I will go in this weekend and try to get more detailed photos.

But that platform that we do see is being held up by what looks like two angle iron point supports under it. So the load starts at the very far edge of the platform steel, is transmitted across the plate as a cantilevered beam with the stress being resisted by the 4 inch vertical "up" bent edge and the 2 inch bent "down" edge, and then that plate is being supported by two tiny angle braces about 24 - 30 inches away from the edge.

That's mostly correct (the right idea at least), but there are at least 4 of these small angle iron point supports on this half of the platform.

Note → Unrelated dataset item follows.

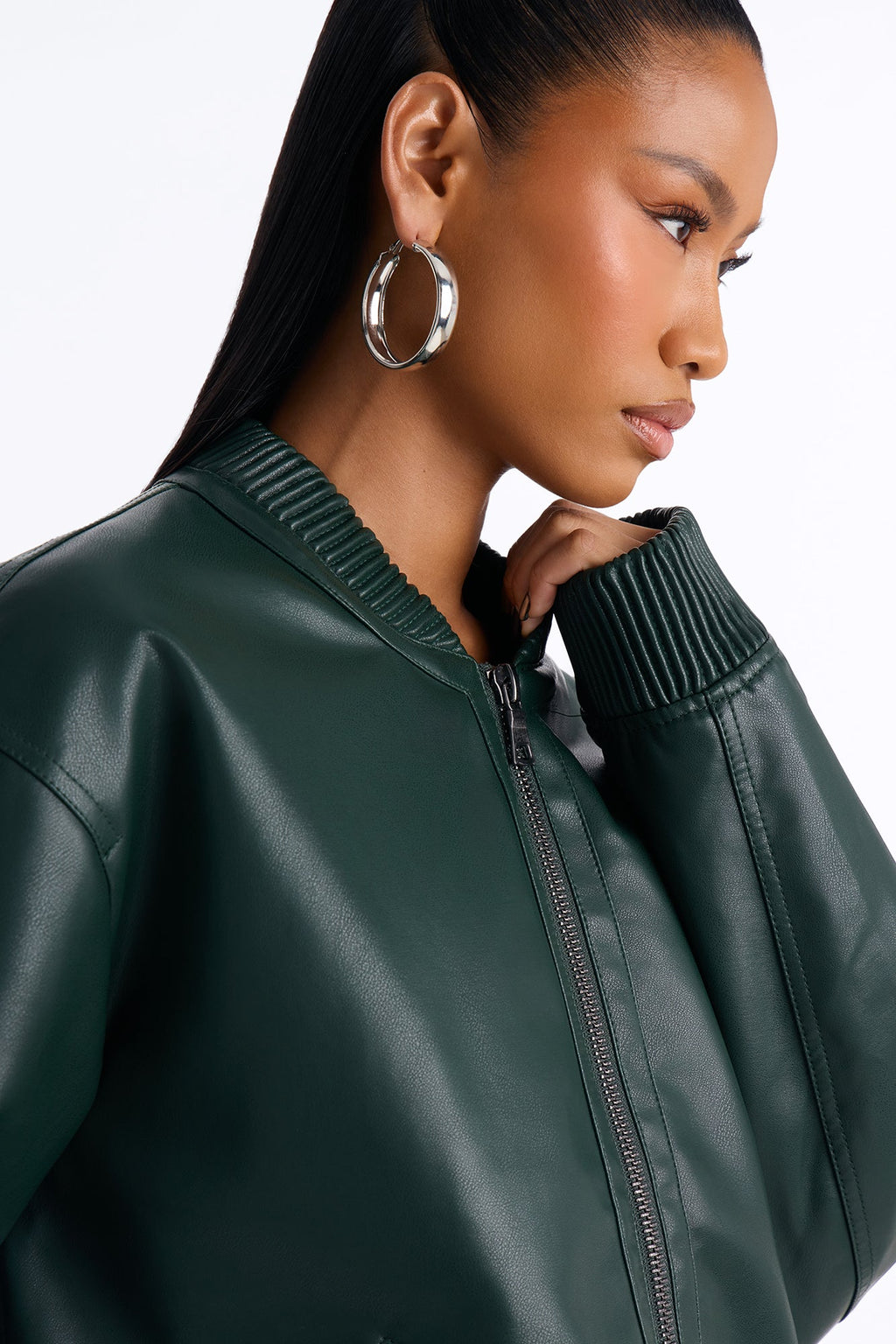Gabrielle Faux Leather Bomber Jacket - Hunter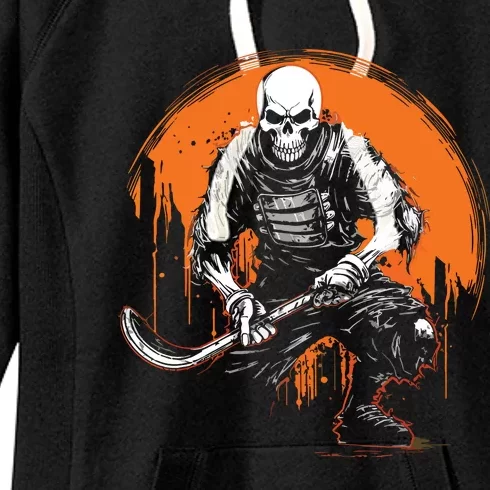 Skeleton Ice Hockey T Ee Halloween Funny Skull Gifts Graphic Women's Fleece Hoodie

There are two nearer supports - one about 6" behind the right stair stringer, the other is about 12-16" behind and to the right of the left stair stringer. So the weight of the stairs + load on the corner of the plate is resting on cantilevered diamondplate. The diamondplate is only resisting the moment through the two flanges, which are about 4" and 1.5".

 

[msquared48]

I am not as concerned about the connection and placement of the inside riser as the outside riser, where all bearing, shear, bending, and torque from the outside riser is being transferred to the metal plate through a single horizontal weld. This is just plainly a very badly "designed" connection, and I use the word "designed" very loosely here.

As a minimum, there needs to be additional support directly from the column to the outside stair stringer.

Oh, by the way, do does this firm fabricate metal stairs for a business?

Mike McCann, PE, SE (WA)

 

[mechemi]

No, this facility is not involved in structural design or fabrication at all. They manufacture a food product. I doubt if they even have a structural engineer or civil engineer on staff - they probably hire one only for larger building projects. This staircase probably resulted from Maintenance being asked to add a staircase over a weekend.

I agree, I don't really like the connection at right but it's the connection at left that mostly concerns me - both that the weld could corrode or fatigue and fail in shear, and that there is a more significant bending moment on the platform. I would guess that failure would occur if the 1.5" flange buckled at the edge in compression, because there is no attachment between the toe plate and the stair stringer.

 

[Ron]

The material looks like stainless steel, but could be aluminum. If aluminum, this conditions needs to be corrected immediately!

As IFRs and others noted, this is an awful detail. The weld used to fill the gap is somewhat of a fillet weld under both longitudinal and vertical shear. As Mike H. noted, if the stringer is welded to the toe plate, that helps.

The plate is cantilevered and under a typical required design load of 100 psf, the corner will exhibit a lot of deflection, thus twisting the poorly conceived weld even more. Not good.

A structural engineer needs to look at this and design a proper repair.

 

[mechemi]

I don't feel I'm qualified to do a proper analysis or detail a modification. I checked and we don't have a structural engineer on staff, but contract with a local structural engineer for designs requiring a stamp. I've contacted a site manager and Monday we will be contacting that engineer to detail a modification.

I appreciate the comments here, it's nice to have my concern validated.

 

[mechemi]

I believe the staircase is steel and not aluminum. To my knowledge we don't use aluminum at all in our facility, we use either powder coated soft steel, stainless or some other type of steel.